Pipelines are organized into execution stages based on their dependencies:

+----------+---------------------------+----------------------------------------+
| Stage    | Pipelines                 | Dependencies                           |
+==========+===========================+========================================+
| Stage 1  | ``raw_ingestion``         | External sources only                  |
+----------+---------------------------+----------------------------------------+
| Stage 2  | ``bronze_layer``          | Depends on Stage 1                     |
+----------+---------------------------+----------------------------------------+
| Stage 3  | ``silver_layer``          | Depends on Stage 2                     |
+----------+---------------------------+----------------------------------------+
| Stage 4  | ``gold_layer``            | Depends on Stage 3                     |
+----------+---------------------------+----------------------------------------+

Pipelines within the same stage can run in **parallel**.

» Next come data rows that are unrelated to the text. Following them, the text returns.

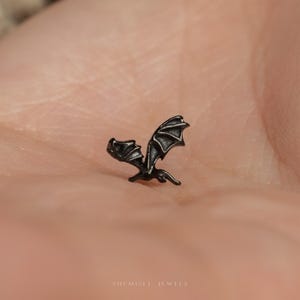 May include: A small, dark metallic stud earring shaped like a dragon with outstretched wings. The piece features detailed, textured wing membranes and a pointed tail. The text 'SHEMISLI JEWELS' is printed in small white letters at the bottom center.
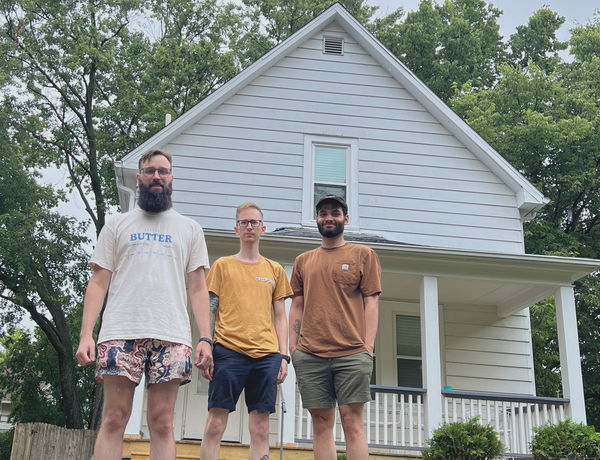 The three members of MyHeartYourGlove stand in front of a white house.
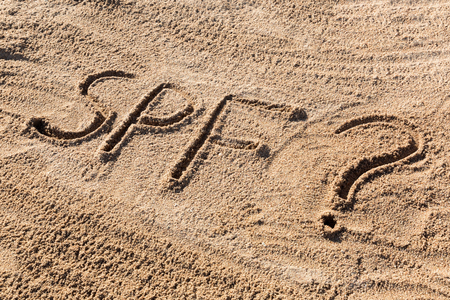 Sun protect factor concept. SPF word written on the beach with question mark.の写真素材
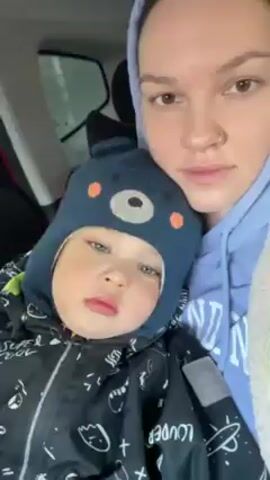 A woman wearing a blue hoodie and a nose ring is holding a young child wearing a black and white patterned snowsuit and a blue bear hat. They are inside a car, and the woman is taking a selfie. The child appears sleepy and is looking at the camera. The woman has a serious expression. The background shows the car's interior and a glimpse of a window with rain or snow on it.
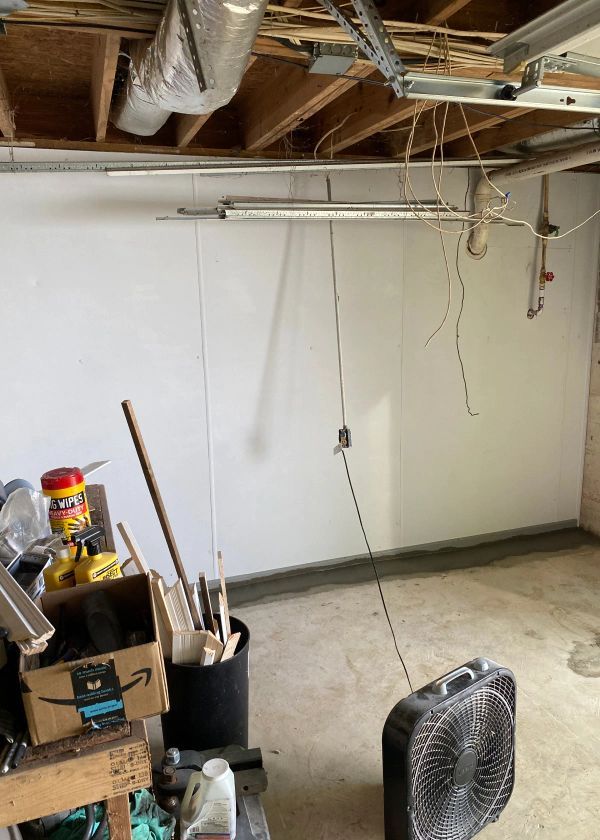 There is a fan in the middle of the room.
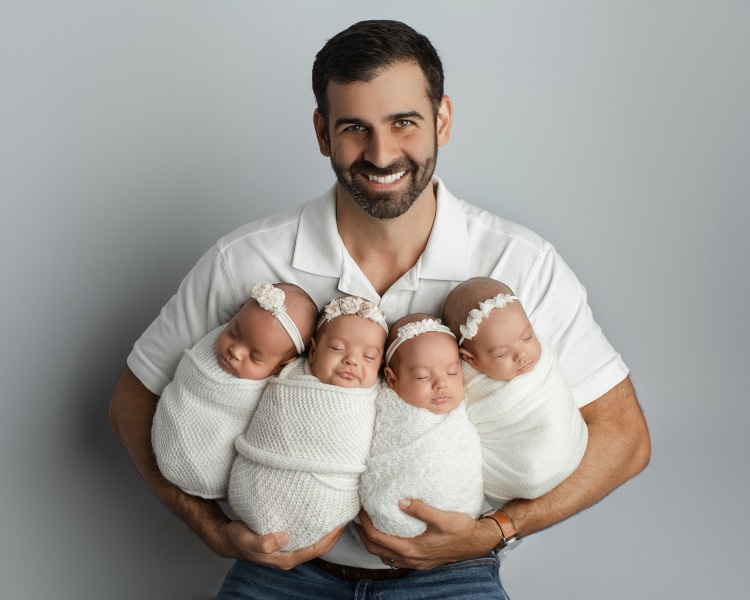 Baby quadruplets bundled up with their dad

How Dependencies Are Resolved
------------------------------

Transforms may reference earlier views (or tables) via the ``source`` field.
LHP's resolver builds a DAG, checks for cycles, and ensures downstream
FlowGroups regenerate when upstream definitions change.

**Dependency resolution process:**

1. **Parse source references** — Extract view/table dependencies from actions
2. **Build dependency graph** — Create directed acyclic graph (DAG) of dependencies
3. **Cycle detection** — Prevent circular dependencies that would cause runtime errors
4. **Topological ordering** — Generate actions in correct execution order
5. **Change propagation** — Mark downstream FlowGroups for regeneration when dependencies change

**Example dependency chain:**

.. code-block:: yaml
   :caption: Dependency example

   # raw_data.yaml - No dependencies (source)
   actions:
     - name: load_files
       type: load
       source: { type: cloudfiles, path: "/data/*.json" }
       target: v_raw_data

   # clean_data.yaml - Depends on v_raw_data
   actions:
     - name: clean_data
       type: transform
       source: v_raw_data  # ← Dependency
       target: v_clean_data

   # aggregated.yaml - Depends on v_clean_data
   actions:
     - name: aggregate
       type: transform
       source: v_clean_data  # ← Dependency
       target: v_aggregated

How ``lhp deps`` Extracts Dependencies from Python Code
--------------------------------------------------------

When an action carries Python code — either at the top level
(``action.module_path``) or inside a ``write_target`` (custom sinks,
ForEachBatch handlers, or CDC snapshot functions) — ``lhp deps`` statically
analyzes the Python source to extract table references from Spark calls.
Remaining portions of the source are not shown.